┌─ SOURCE MATERIAL

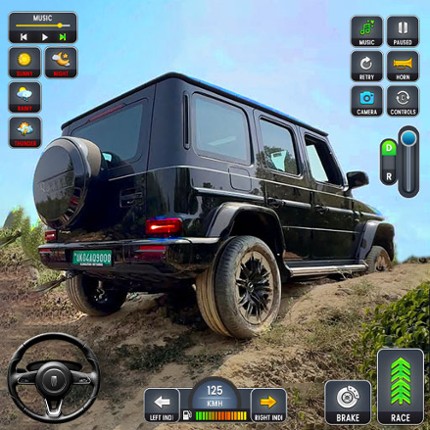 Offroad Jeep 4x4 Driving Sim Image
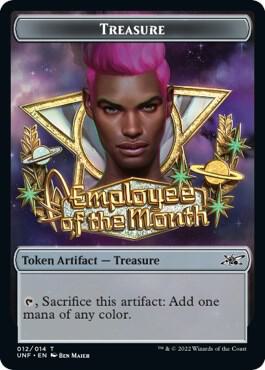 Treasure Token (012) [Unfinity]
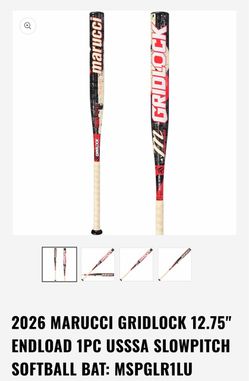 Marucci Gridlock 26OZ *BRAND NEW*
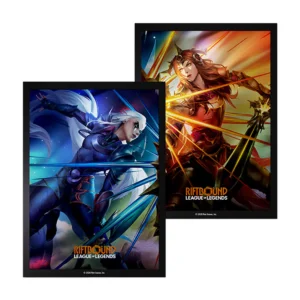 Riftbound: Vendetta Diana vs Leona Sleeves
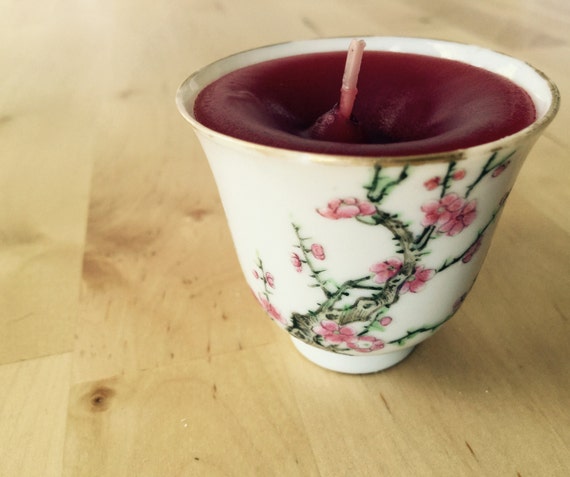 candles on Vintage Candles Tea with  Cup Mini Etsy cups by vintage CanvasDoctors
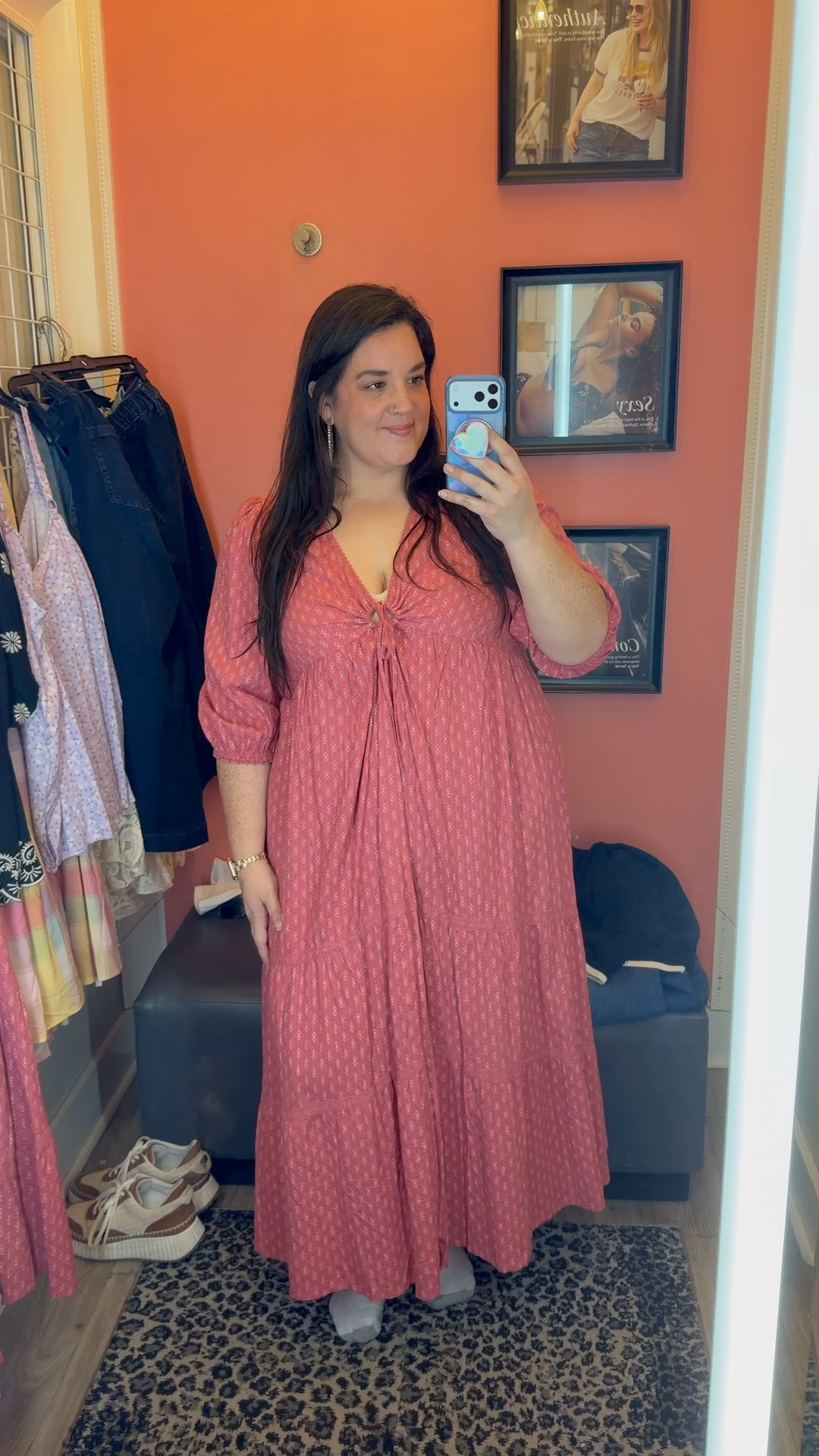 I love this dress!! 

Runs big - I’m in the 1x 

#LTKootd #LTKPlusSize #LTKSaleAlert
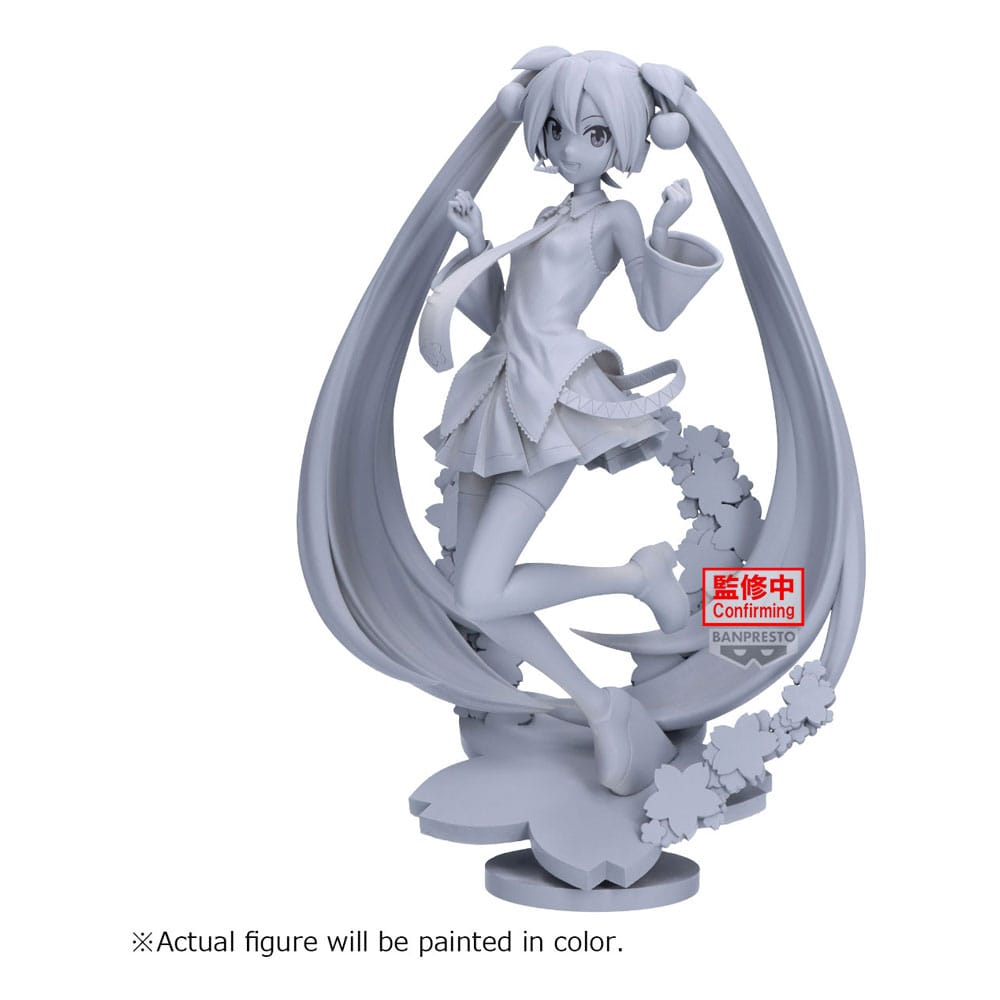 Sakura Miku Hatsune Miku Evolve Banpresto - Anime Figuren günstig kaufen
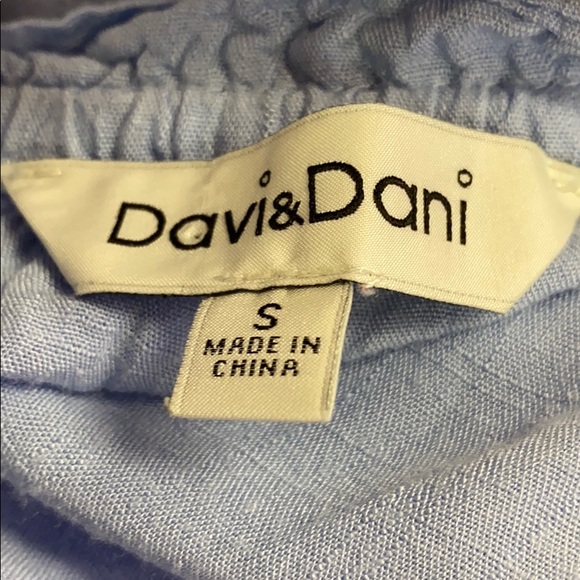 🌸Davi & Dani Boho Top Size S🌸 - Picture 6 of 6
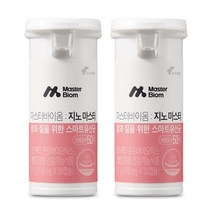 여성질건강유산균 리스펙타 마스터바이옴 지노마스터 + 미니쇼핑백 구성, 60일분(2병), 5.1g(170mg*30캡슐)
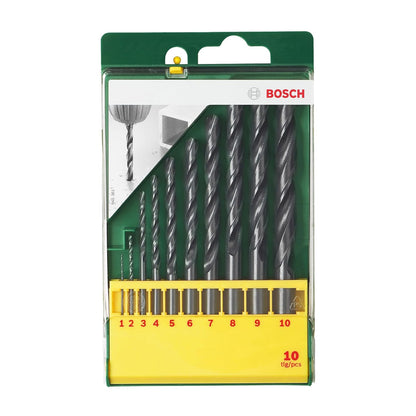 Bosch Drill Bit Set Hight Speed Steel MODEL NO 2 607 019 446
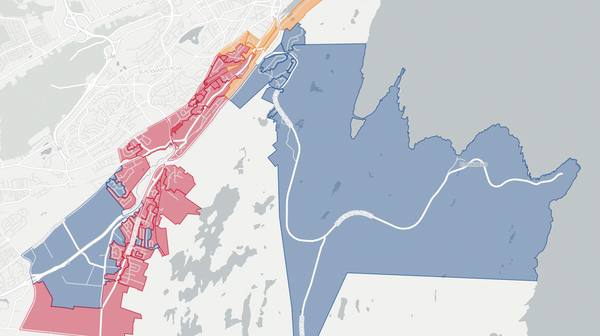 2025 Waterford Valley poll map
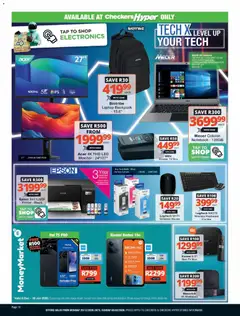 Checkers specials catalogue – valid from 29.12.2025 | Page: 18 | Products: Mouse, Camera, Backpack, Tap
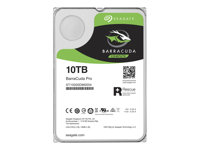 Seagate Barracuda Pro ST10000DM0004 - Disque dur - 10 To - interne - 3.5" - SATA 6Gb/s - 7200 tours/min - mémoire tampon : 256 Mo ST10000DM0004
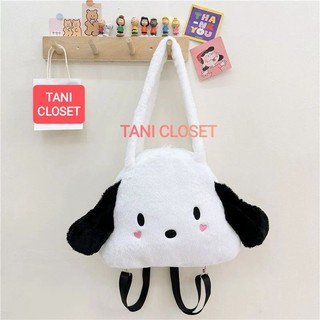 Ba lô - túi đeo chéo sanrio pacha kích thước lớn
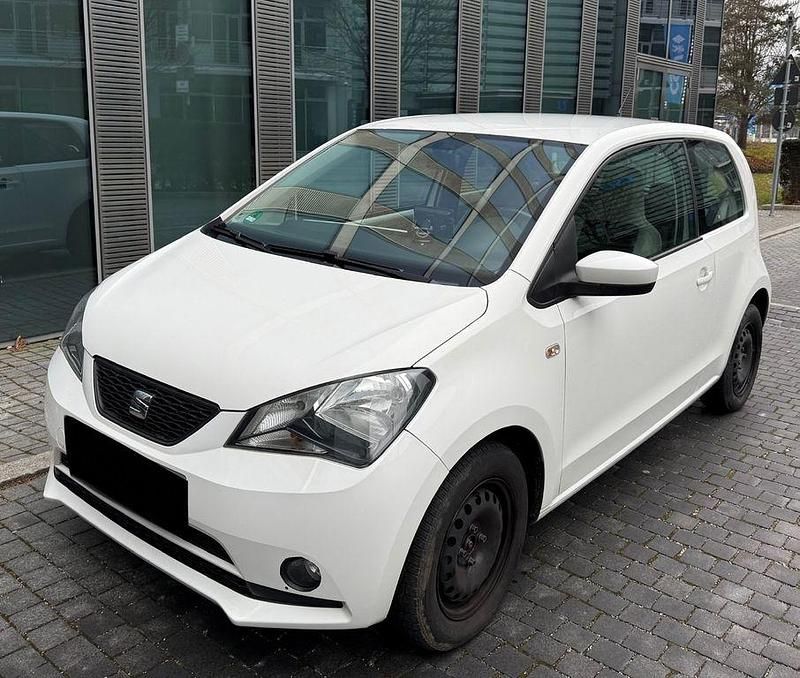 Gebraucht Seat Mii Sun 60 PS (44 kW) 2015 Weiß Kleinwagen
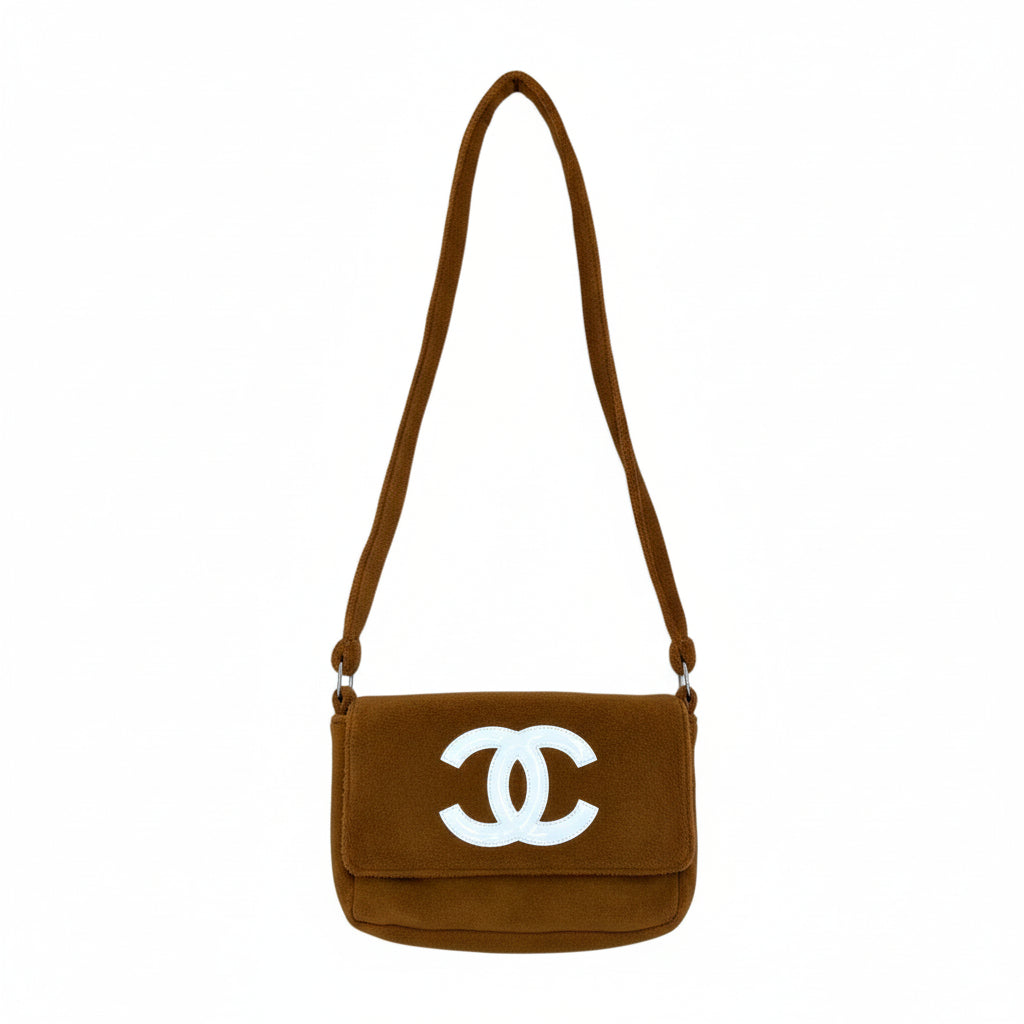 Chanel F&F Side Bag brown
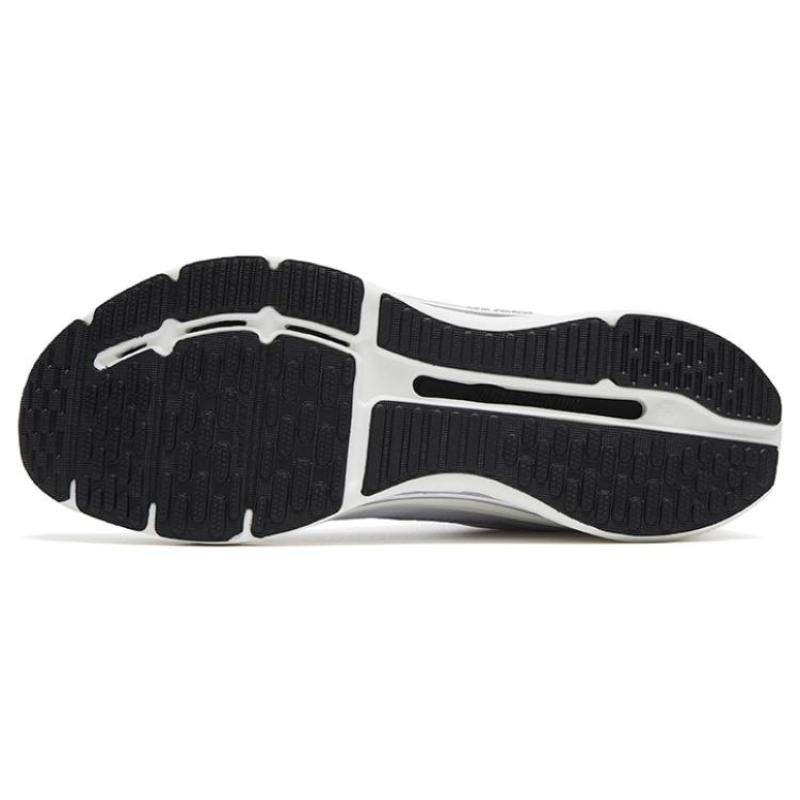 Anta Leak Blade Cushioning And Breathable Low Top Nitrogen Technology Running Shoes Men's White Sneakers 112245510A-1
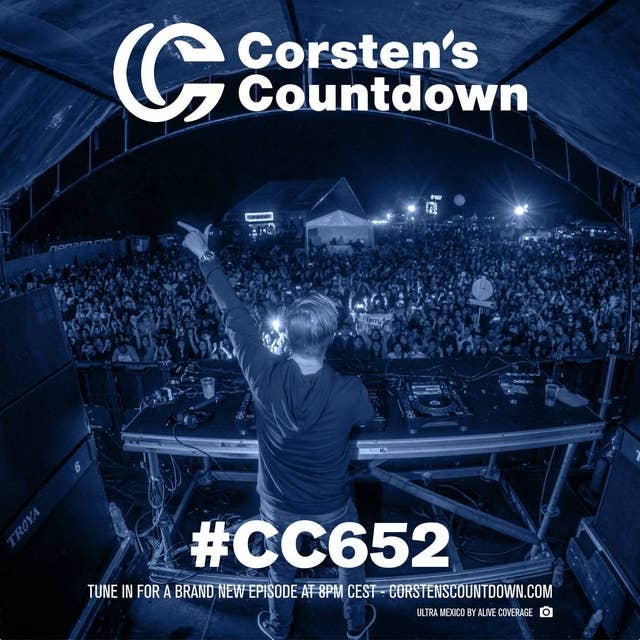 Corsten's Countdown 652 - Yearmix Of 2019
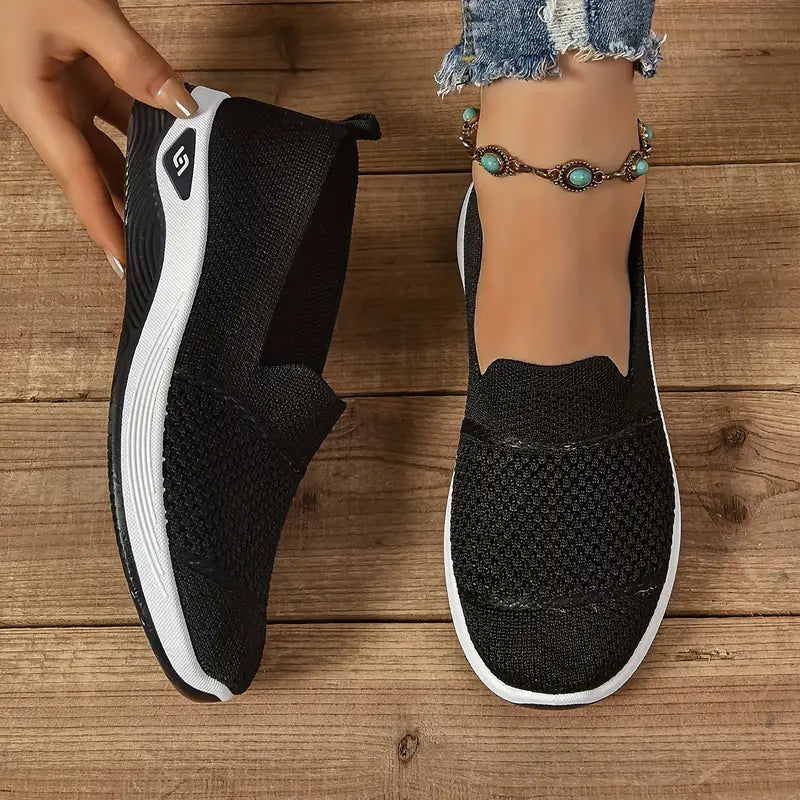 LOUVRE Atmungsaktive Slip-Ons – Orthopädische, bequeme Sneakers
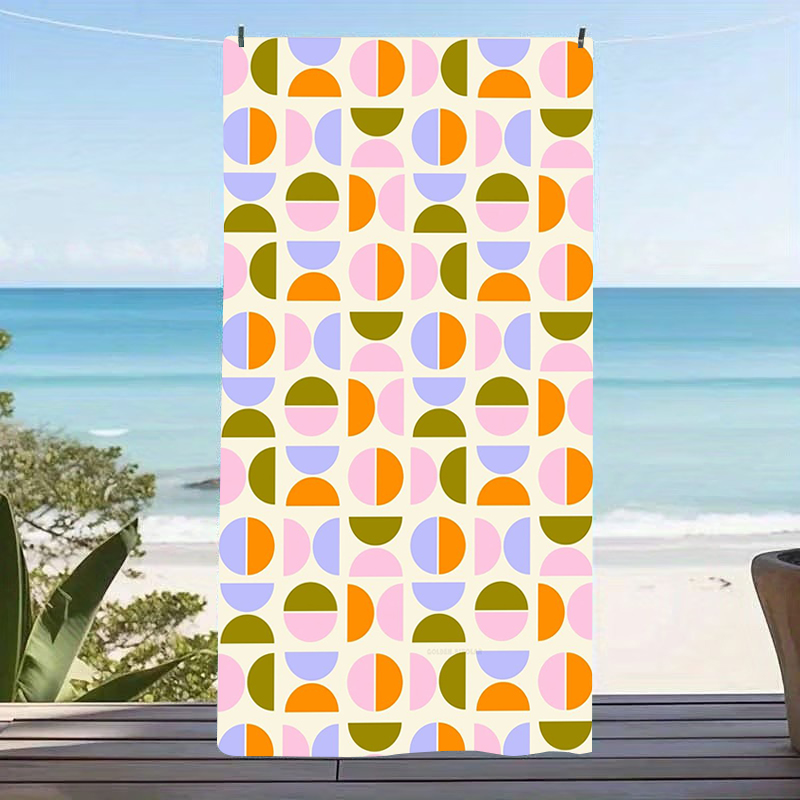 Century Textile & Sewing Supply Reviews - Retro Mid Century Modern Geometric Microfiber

└─

YOUR GOAL -> Of the lines above, copy only those from the one holding "Bosch Drill Bit" to the one holding "Anta Leak Blade", both included, and exclude every image.

EXERCISE RESPONSE ->
 Bosch Drill Bit Set Hight Speed Steel MODEL NO 2 607 019 446
 2025 Waterford Valley poll map
 Checkers specials catalogue – valid from 29.12.2025 | Page: 18 | Products: Mouse, Camera, Backpack, Tap
 Seagate Barracuda Pro ST10000DM0004 - Disque dur - 10 To - interne - 3.5" - SATA 6Gb/s - 7200 tours/min - mémoire tampon : 256 Mo ST10000DM0004
 Ba lô - túi đeo chéo sanrio pacha kích thước lớn
 Gebraucht Seat Mii Sun 60 PS (44 kW) 2015 Weiß Kleinwagen
 Chanel F&F Side Bag brown
 Anta Leak Blade Cushioning And Breathable Low Top Nitrogen Technology Running Shoes Men's White Sneakers 112245510A-1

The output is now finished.